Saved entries
=== Begin Enclosure ===
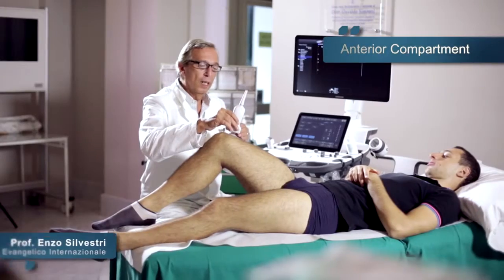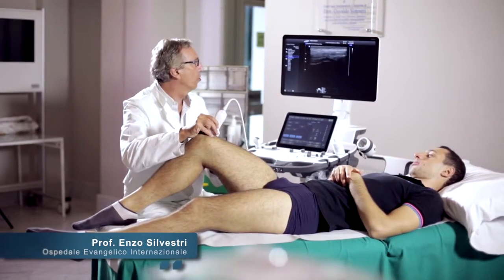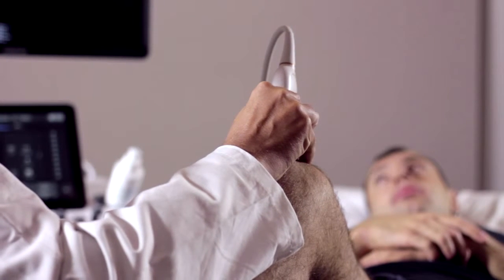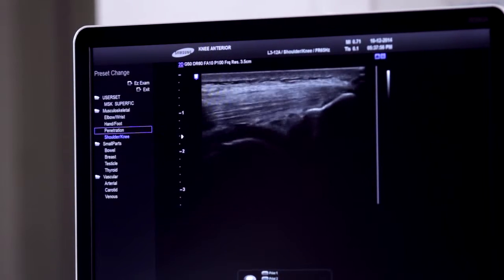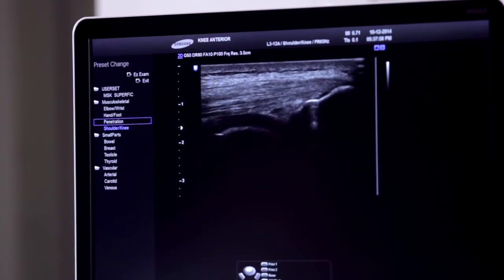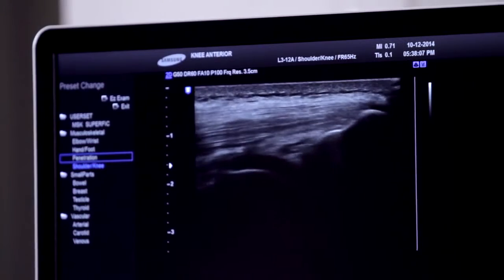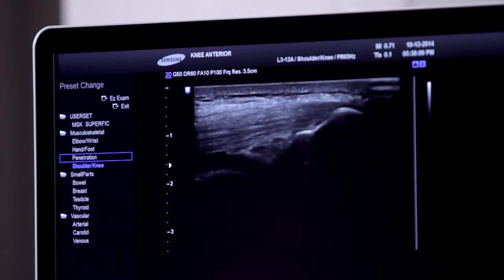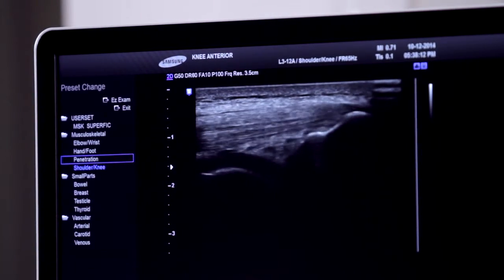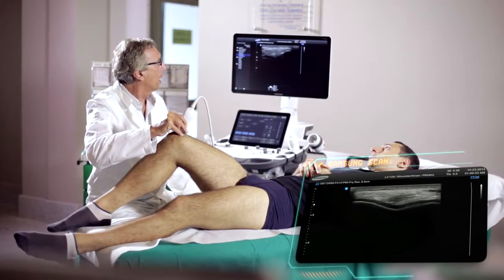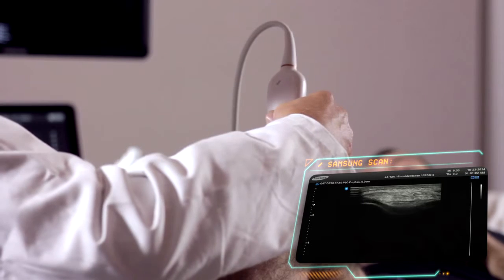We start with the assessment of the quadriceps tendon using scans that cover the major axis. We can see the characteristic appearance, which is quite complex as this tendon originates from the fusion at the aponeurosis of the muscle bellies of the quadriceps femoris. We study it along the course up to its insertion. Here you can see, at the level of the superior rotular pole, that the fibers have this characteristic appearance at the insertion. We will also use a short axis scan with another axial reference plane.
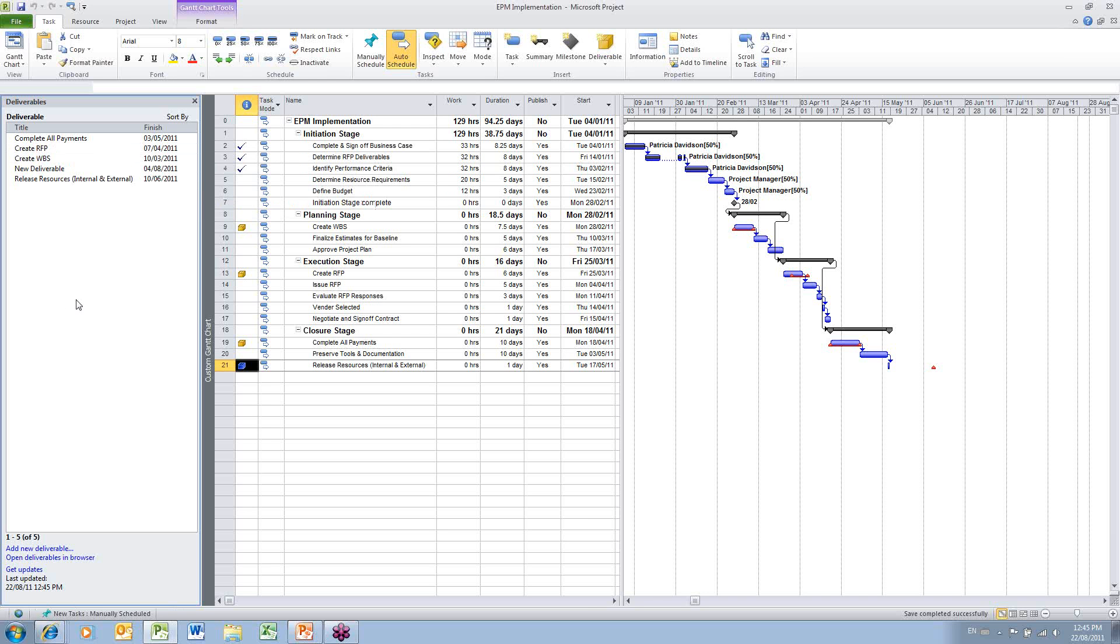So we've showed you how to add deliverables from within Microsoft Project, add a deliverable from PWA, and how to make sure that those two lists are in sync. I hope you have learned something from this training video. Look for more videos by Avalon Training Group.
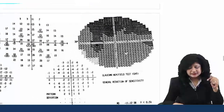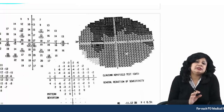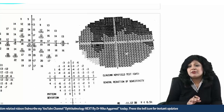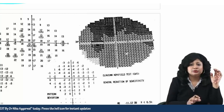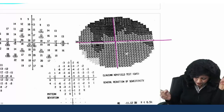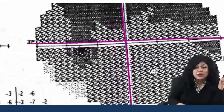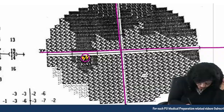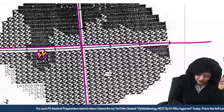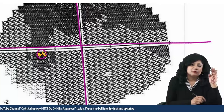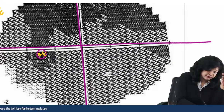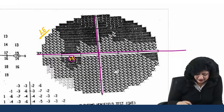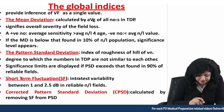Now let's try to identify which eye this printout belongs to. The eye designation is written on the printout, but suppose it's hidden. You have to look for the blind spot — the most dark area on the field. If the most dark area is on the left side, that side is the temporal side, so it is a left eye. If the blind spot is on the right side, it is the right eye. It's as simple as that.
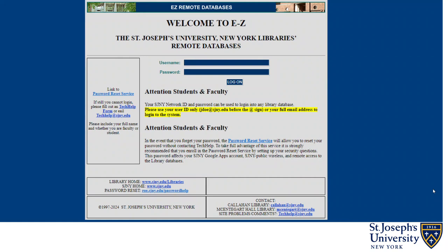But when you are off campus and try to access the library database, you may be presented with this remote access page that is displayed on this slide. Simply enter your My SJNY credentials into the required fields and click on Log On. Then you can access the library databases to conduct your research from off campus.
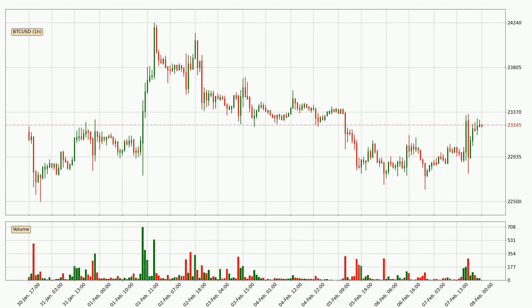Looking at the Bitcoin hourly time frame, the price went up by around 2.0% in the last 24 hours, with a current price of 23,245. The volume wasn't especially high, so this move wasn't very strong.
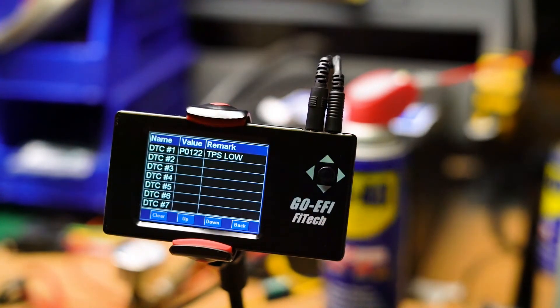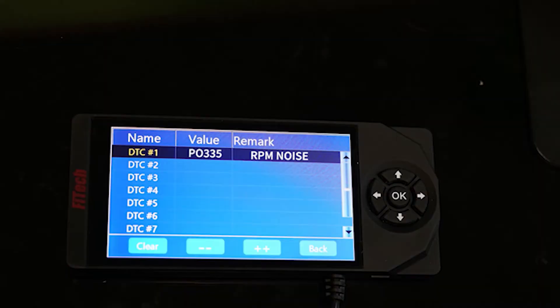If you've increased the Accel pump and Fast Accel settings to a high level and haven't seen any improvement on your acceleration, you may want to consider looking into other scenarios. Possible issues can reside in the fault code section of the handheld. You may see something like a TPS code, meaning the throttle position isn't reading and the system doesn't know you're stepping on the gas. Another possibility is RPM noise, where the system doesn't know the RPM of the engine.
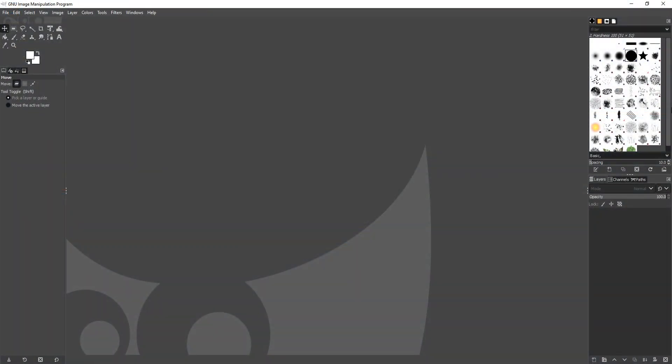Once the install has finished, we can now go ahead and click on Finish. You can now double click the shortcut to open GIMP. And there you go — as you can see, GIMP has now loaded up, and that is how you install GIMP onto your Windows 10 PC or laptop.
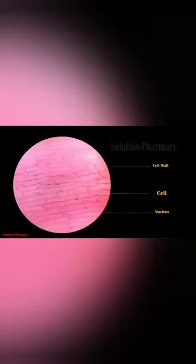The lines which are thick are called thick lining or cell wall. And the dots which are present in it are called nucleus. See, you can label it like this. Thank you.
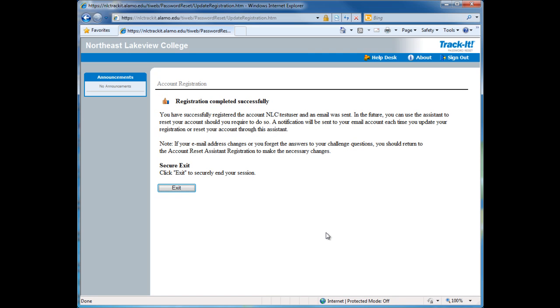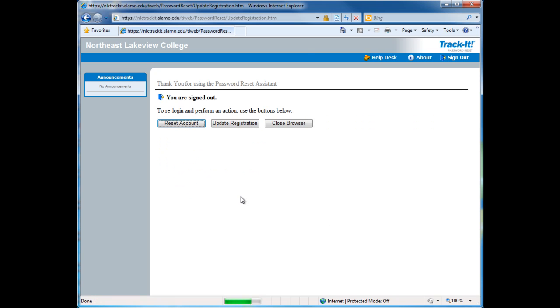At the Registration Completed Successfully page, please click on Exit. You have now updated your password reset registration information. Thank you.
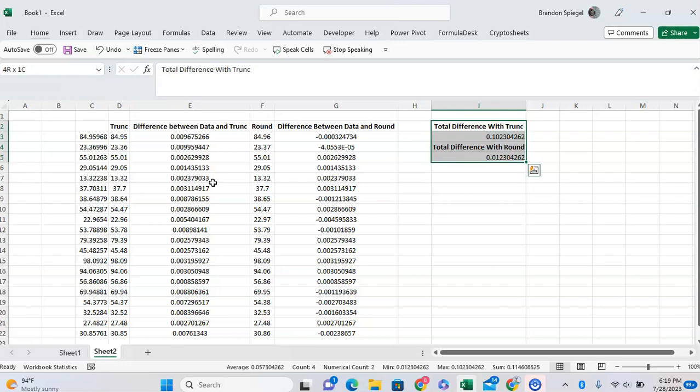That's just something to keep in mind — the TRUNC function is always going to make your data a little bit smaller, but use whichever suits your needs. I hope you found this helpful. If you did, like, subscribe, and comment. Thank you for watching, have a great day.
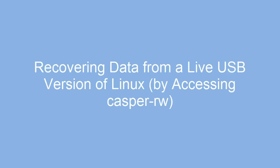Hi folks. In this video, we'll look at the steps to recover data from a live USB version of Linux. Specifically, we'll see how to mount the Casper RW file system, extract the data we need, and then unmount it.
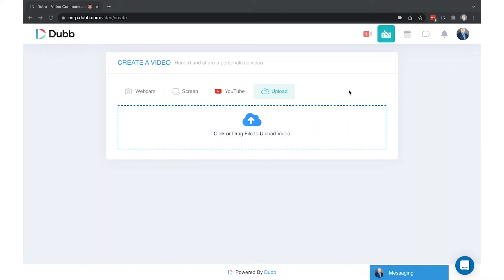As mentioned before, in addition to the recording options, you can also upload any existing video to Dubb.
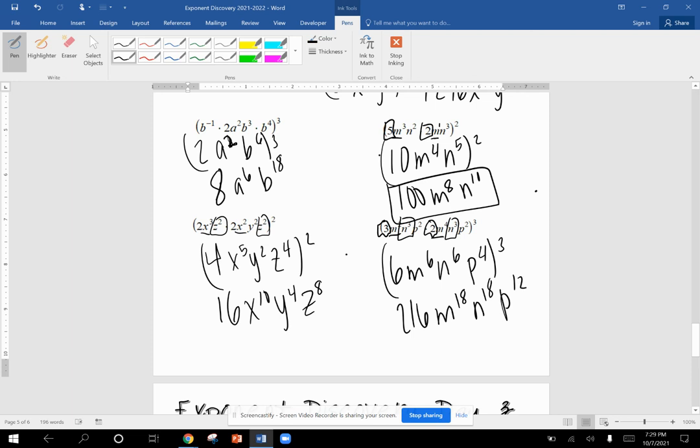So this is how we use our product rule and then our power rule. So it's a little bit of a review of product rule and then applying our power rule of raising our coefficient to that power, which means we multiply it by itself that many times. And then we multiply the exponents when it's raised to that power. So if you have any questions, please email me and let me know if you need some extra help.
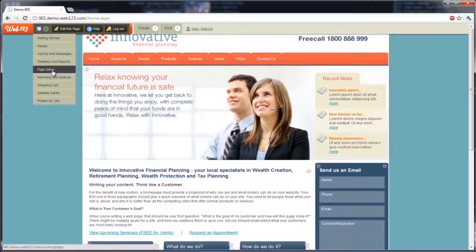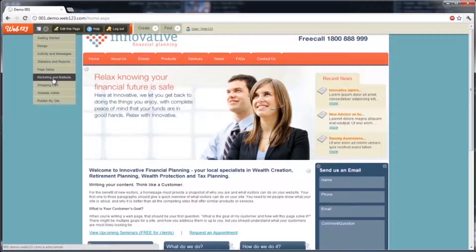Page setup will allow you to add and remove pages from the main menus on your website. Marketing and mail outs is an add-on feature to the standard Web123 website, where you can create branded newsletters and send these out to a list of subscribers via email.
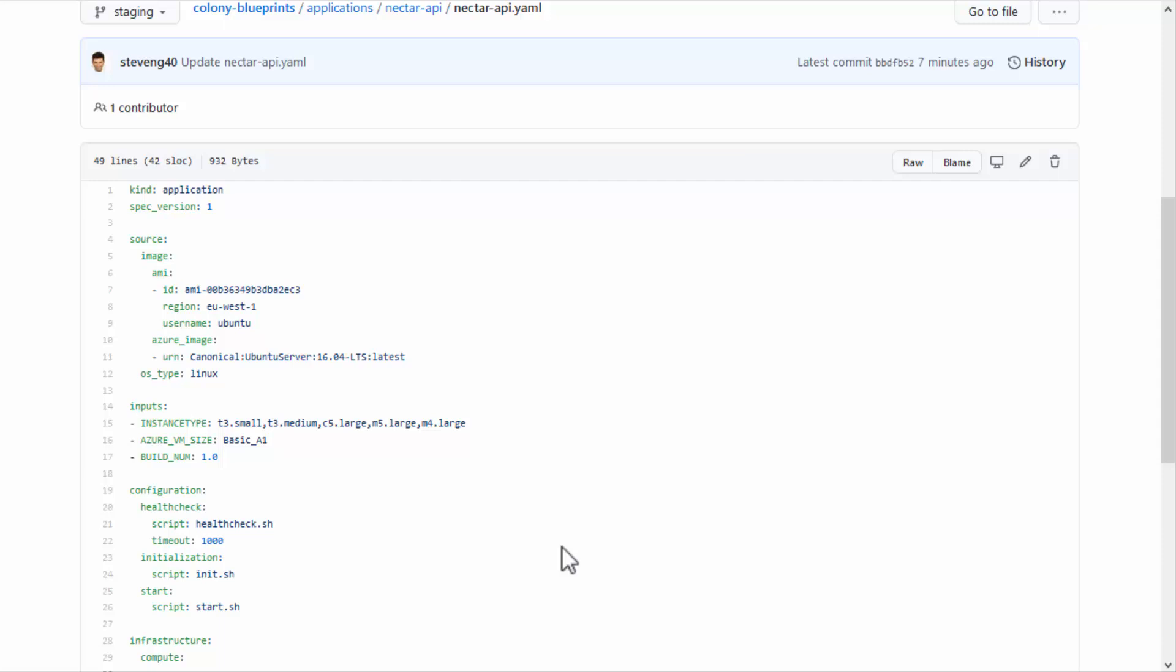For Azure, you can use a public image from the marketplace by specifying its URN, like the one in this YAML. Other options are specifying a custom image or a shared gallery image.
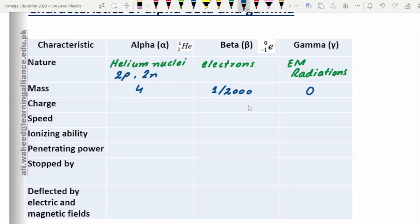Let's talk about charge. For alpha particles, if we remove the electrons from the helium nucleus, we are left with two protons, so the charge is no longer neutral — it is +2, that is, plus two times the elementary charge e. Here e represents the elementary charge, which is 1.6×10⁻¹⁹ coulombs. This is the magnitude of charge for both protons (positive sign) and electrons (negative sign).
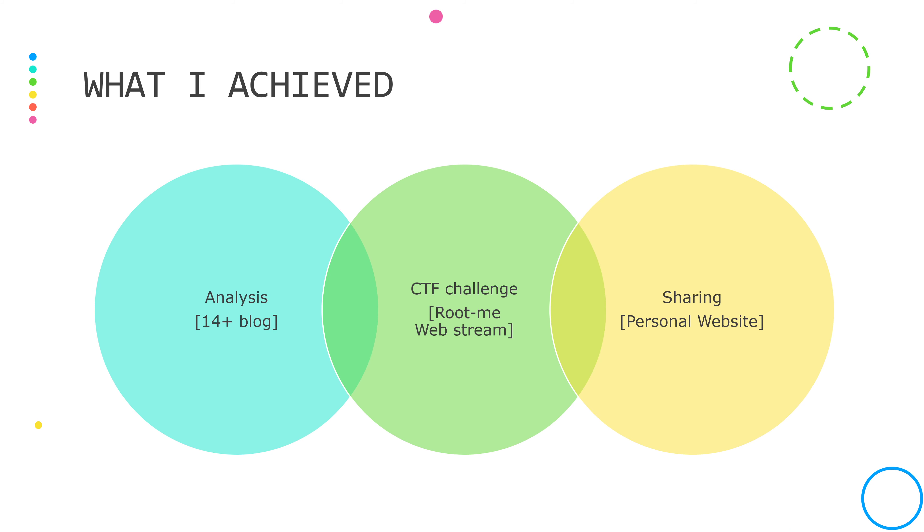For the project, I decided to build my security mindset by practicing CTF challenges and doing analysis. I have finished more than 30 challenges on WebStream in RootMe and posted more than 14 blogs, including sharing and analysis so far.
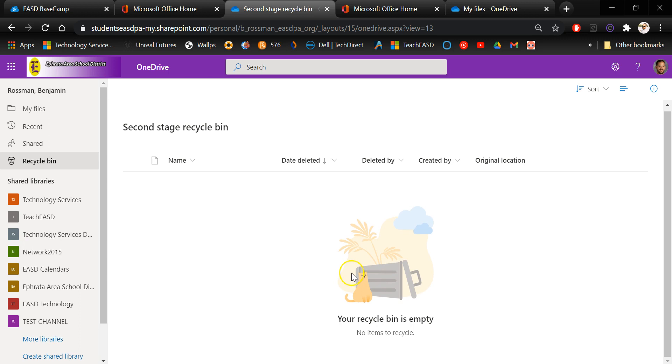So that's just something to keep in mind if you're ever looking for a file whether you accidentally deleted it or intentionally deleted it and you need to recover it. That would be accessible only through the browser version of OneDrive.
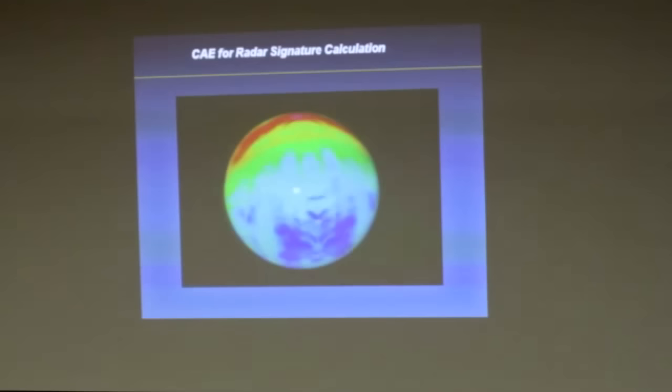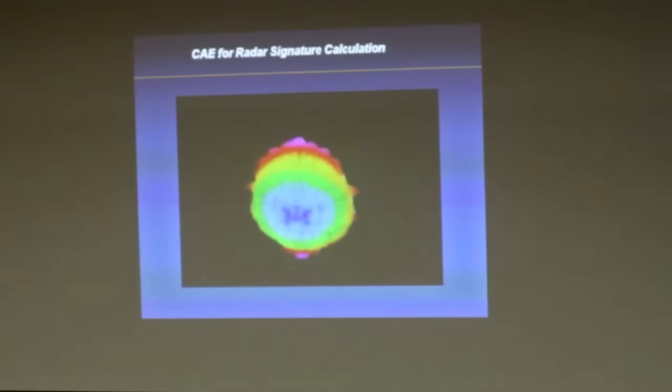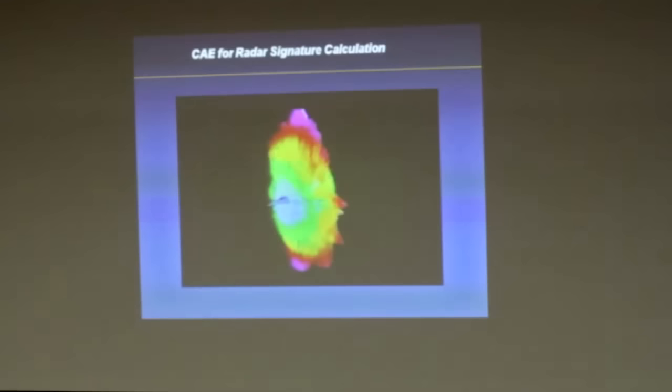When you hear somebody saying they saw a stealth airplane on their radar — well, you can see it from the side. The problem is you can't shoot at it.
=== End Enclosure ===
Your goal. Please return the lines above exactly, with the pictures omitted.

The completed task.
We start with the assessment of the quadriceps tendon using scans that cover the major axis. We can see the characteristic appearance, which is quite complex as this tendon originates from the fusion at the aponeurosis of the muscle bellies of the quadriceps femoris. We study it along the course up to its insertion. Here you can see, at the level of the superior rotular pole, that the fibers have this characteristic appearance at the insertion. We will also use a short axis scan with another axial reference plane.
So we've showed you how to add deliverables from within Microsoft Project, add a deliverable from PWA, and how to make sure that those two lists are in sync. I hope you have learned something from this training video. Look for more videos by Avalon Training Group.
Now let's try to identify which eye this printout belongs to. The eye designation is written on the printout, but suppose it's hidden. You have to look for the blind spot — the most dark area on the field. If the most dark area is on the left side, that side is the temporal side, so it is a left eye. If the blind spot is on the right side, it is the right eye. It's as simple as that.
But when you are off campus and try to access the library database, you may be presented with this remote access page that is displayed on this slide. Simply enter your My SJNY credentials into the required fields and click on Log On. Then you can access the library databases to conduct your research from off campus.
Looking at the Bitcoin hourly time frame, the price went up by around 2.0% in the last 24 hours, with a current price of 23,245. The volume wasn't especially high, so this move wasn't very strong.
If you've increased the Accel pump and Fast Accel settings to a high level and haven't seen any improvement on your acceleration, you may want to consider looking into other scenarios. Possible issues can reside in the fault code section of the handheld. You may see something like a TPS code, meaning the throttle position isn't reading and the system doesn't know you're stepping on the gas. Another possibility is RPM noise, where the system doesn't know the RPM of the engine.
Once the install has finished, we can now go ahead and click on Finish. You can now double click the shortcut to open GIMP. And there you go — as you can see, GIMP has now loaded up, and that is how you install GIMP onto your Windows 10 PC or laptop.
The lines which are thick are called thick lining or cell wall. And the dots which are present in it are called nucleus. See, you can label it like this. Thank you.
At the Registration Completed Successfully page, please click on Exit. You have now updated your password reset registration information. Thank you.
That's just something to keep in mind — the TRUNC function is always going to make your data a little bit smaller, but use whichever suits your needs. I hope you found this helpful. If you did, like, subscribe, and comment. Thank you for watching, have a great day.
Hi folks. In this video, we'll look at the steps to recover data from a live USB version of Linux. Specifically, we'll see how to mount the Casper RW file system, extract the data we need, and then unmount it.
As mentioned before, in addition to the recording options, you can also upload any existing video to Dubb.
So this is how we use our product rule and then our power rule. So it's a little bit of a review of product rule and then applying our power rule of raising our coefficient to that power, which means we multiply it by itself that many times. And then we multiply the exponents when it's raised to that power. So if you have any questions, please email me and let me know if you need some extra help.
Page setup will allow you to add and remove pages from the main menus on your website. Marketing and mail outs is an add-on feature to the standard Web123 website, where you can create branded newsletters and send these out to a list of subscribers via email.
For Azure, you can use a public image from the marketplace by specifying its URN, like the one in this YAML. Other options are specifying a custom image or a shared gallery image.
Let's talk about charge. For alpha particles, if we remove the electrons from the helium nucleus, we are left with two protons, so the charge is no longer neutral — it is +2, that is, plus two times the elementary charge e. Here e represents the elementary charge, which is 1.6×10⁻¹⁹ coulombs. This is the magnitude of charge for both protons (positive sign) and electrons (negative sign).
For the project, I decided to build my security mindset by practicing CTF challenges and doing analysis. I have finished more than 30 challenges on WebStream in RootMe and posted more than 14 blogs, including sharing and analysis so far.
So that's just something to keep in mind if you're ever looking for a file whether you accidentally deleted it or intentionally deleted it and you need to recover it. That would be accessible only through the browser version of OneDrive.
When you hear somebody saying they saw a stealth airplane on their radar — well, you can see it from the side. The problem is you can't shoot at it.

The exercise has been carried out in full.